First, we need an Australian style counter-influence unit to combat attempts to meddle in our politics
Like the Australian equivalent, it should be empowered to tackle a range of issues. Top London lobbying firms paid by hostile states for starters. We wouldn’t have let the Soviet Union hire Saatchi & Saatchi in the cold war, so why don’t lobbyists have to declare payments from arms of the Chinese state now?
Universities could use more oversight and guidance too – witness the Chinese cash-for-influence scandal at Jesus College Cambridge. The same issues apply in think tanks, businesses and even the House of Lords. China is quick to snap up ex-permanent secretaries and even ex-spies. We need a coordinated approach.
Second, we need a new partnership with firms and universities to protect our economic and technology security.
At the moment, we have a completely one-sided relationship, in which China can help itself to whatever university research it wants from the UK, buy up any interesting technology firm and even get our universities to work for branches of their military – an approach described in Beijing as ‘picking flowers in foreign lands to make honey in China’.
Through coercive joint ventures and corporate espionage, China can perform a sort of supermarket sweep on the intellectual property of the west. Meanwhile China bans investment in swathes of its economy, locks up people suspected of leaking industrial secrets and has just passed tight new laws on the export of key technologies.
It’s a modern version of the same mercantilism that saw China guard the secrets of silk-making for hundreds of years, but the real question is why we allow a one way transfer of technology?
A new unit in Number Ten or the Treasury should coordinate relationships with industry to help identify who is sniffing around new technologies – perhaps we need a UK version of the US Business Entrepreneurs Networks which help US government build up market intelligence.
We also need greater transparency on who is working with our universities. At present we don’t even collect data on who is funding them from overseas. Many firms would love help to counter hacking of their secrets or advice on tie-ups with Chinese firms. There should be an obvious place to turn to in government to get it.
Third, we need an “Office for the Future”.

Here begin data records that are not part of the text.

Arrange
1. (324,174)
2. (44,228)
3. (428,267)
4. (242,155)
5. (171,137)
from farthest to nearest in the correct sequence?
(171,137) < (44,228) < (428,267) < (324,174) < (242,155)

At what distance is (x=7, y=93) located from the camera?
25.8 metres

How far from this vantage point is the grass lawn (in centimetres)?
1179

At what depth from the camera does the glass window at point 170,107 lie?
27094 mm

China’s growing dominance isn’t just built on exploiting naive western countries, but on a relentless focus on research and industrial strategy which we should learn from. However, in government I felt that the different bodies which are currently supposed to help us think about technology add up to less than the sum of their parts.

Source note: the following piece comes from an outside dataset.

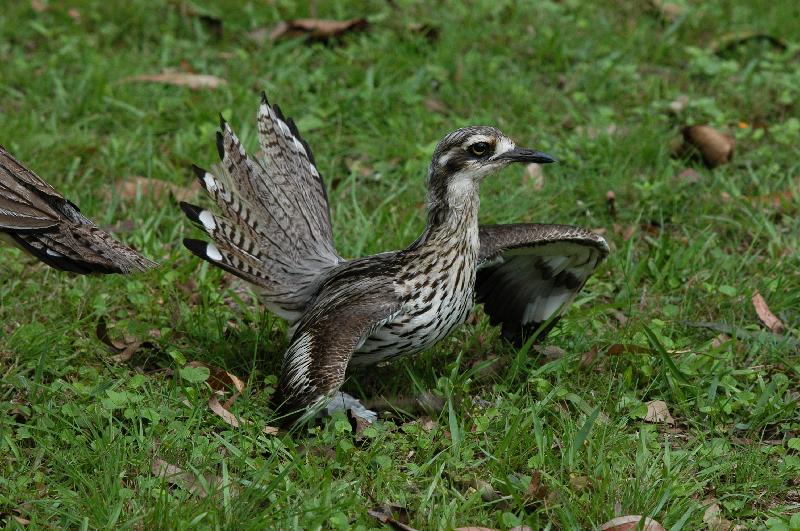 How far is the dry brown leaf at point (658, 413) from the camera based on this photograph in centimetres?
559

Collectively the Government Office for Science, the Council for Science and Technology, UKRI, BEIS the Research Councils and learned societies have many brilliant people, but the system lacks a controlling mind or plan.
Some of this is about the wider civil service, and we should learn from Singapore: the world’s best civil service. Some of it is about our growing our pitiful level of investment in R&D, which has sunk over the decades just as China’s grew.
But we also need a plan. We need some part of government to be aware of the significance of new technologies and emerging firms before they have been snaffled and carted of to China or anywhere else. Research funding in government isn’t industrially-focussed enough. We need a unit to think commercially about where we should concentrate research investment, and where we shouldn’t. To work out what we need to do to be ready to catch the wave of new opportunities, in the way that Beijing is so good at.
In a new book, “The Wake-Up Call”, John Micklethwait and Adrian Wooldridge sketch out how the virus has exposed the challenges facing the UK and other western countries, and the scale of the challenge we’re facing.
It reminds me a bit of the late 1970s, when Helmut Schmidt, then West Germany’s Chancellor, declared: “England is no longer a developed country,” and Nick Henderson’s famous leaked telegram highlighted our rapid descent. Eventually we get angry enough to do something about it, and elected Margaret Thatcher.
This time the problems are different and we are already in government. But the urgency is just the same. Let us hope that the Integrated Review can be part of the wake-up call we need.